DESCRIPTION (provided by applicant): Systemic sclerosis (SSc) is a systemic autoimmune disease characterized by widespread fibroproliferative vascular damage and progressive tissue fibrosis leading to severe multi-organ dysfunction. The fibroproliferative process occurs essentially in all organs but is often particularly evident and aggressive in the kidneys and lungs, causing Scleroderma Renal Crisis or Pulmonary Arterial Hypertension (PAH), respectively. These two serious clinical events combined represent the major cause of mortality in SSc patients. Recent studies on idiopathic PAH and idiopathic pulmonary fibrosis identified caveolins as important participants in the pathogenesis of both diseases. Caveolin-1 (cav-1), the most important member of this family of membrane proteins found in lipid rafts, is involved in numerous important biological functions including the regulation of transforming growth factor 2 (TGF-2), and endothelin (ET-1) pathways, two pathways universally accepted to ) play a crucial role in SSc pathogenesis. Thus, the hypothesis to be tested in this application is that cav-1 plays a critical role in the pathogenesis of SSc as an important regulator of tissue fibrosis and vessel wall integrity and that increased cav-1 bioavailability may be a novel approach for the treatment of the fibroproliferative vasculopathy and the tissue fibrosis of SSc.
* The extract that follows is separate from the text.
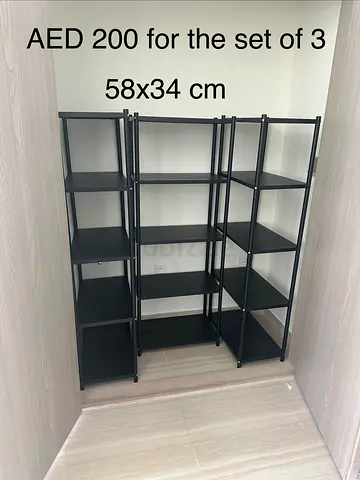 Set of 3 black metal shelving units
To test this hypothesis, we will pursue the following Specific Aims: Specific Aim 1. To characterize the extent of tissue fibrosis in cav-1 knock-out mice, identify the cytokines and growth factors that can induce a functional downregulation of cav-1 and study the mechanisms by which cav-1 expression modulates fibroblast collagen gene expression in vitro. Specific Aim 2. To examine the effects of administration of a cell-permeable cav-1 peptide in vitro and in vivo. Specific Aim 3. To investigate the role of cav-1 in the fibroproliferative vasculopathy following SSc-related endothelial injury. Study of the molecular alterations linking cav-1 deficiency with tissue fibrosis and PAH in SSc will provide valuable information about the pathogenesis of the most serious complications of the disease and may provide evidence to support the notion that cav-1 should be considered as a novel therapeutic target in human SSc.

描述（由申请人提供）：系统性硬化症（SSc）是一种全身性自身免疫性疾病，其特征为广泛的纤维增生性血管损伤和进行性组织纤维化，导致严重的多器官功能障碍。纤维增生过程基本上发生在所有器官中，但通常在肾脏和肺中特别明显和侵袭性，分别引起硬皮病肾危象或肺动脉高压（PAH）。这两种严重临床事件结合在一起是SSc患者死亡的主要原因。最近对特发性PAH和特发性肺纤维化的研究发现，小窝蛋白是这两种疾病发病机制的重要参与者。小窝蛋白-1（Caveolin-1，cav-1）是脂筏中膜蛋白家族中最重要的成员，参与多种重要的生物学功能，包括调节转化生长因子2（transforming growth factor 2，TGF-2）和内皮素（endothelin，ET-1）通路，这两条通路在SSc发病机制中起着至关重要的作用。因此，在本申请中待测试的假设是cav-1作为组织纤维化和血管壁完整性的重要调节剂在SSc的发病机制中起关键作用，并且增加的cav-1生物利用度可能是治疗SSc的纤维增生性血管病变和组织纤维化的新方法。为了验证这个假设，我们将追求以下具体目标：具体目标1。为了表征cav-1基因敲除小鼠的组织纤维化程度，鉴定可以诱导cav-1功能下调的细胞因子和生长因子，并研究cav-1表达调节成纤维细胞胶原基因表达的体外机制。具体目标2。在体外和体内检查细胞可渗透cav-1肽的给药效果。具体目标3。探讨cav-1在Ssc相关内皮损伤后纤维增生性血管病变中的作用。研究cav-1缺陷与SSc组织纤维化和PAH之间的分子改变，将为该病最严重并发症的发病机制提供有价值的信息，并可能提供证据支持cav-1应被视为人类SSc新的治疗靶点的观点。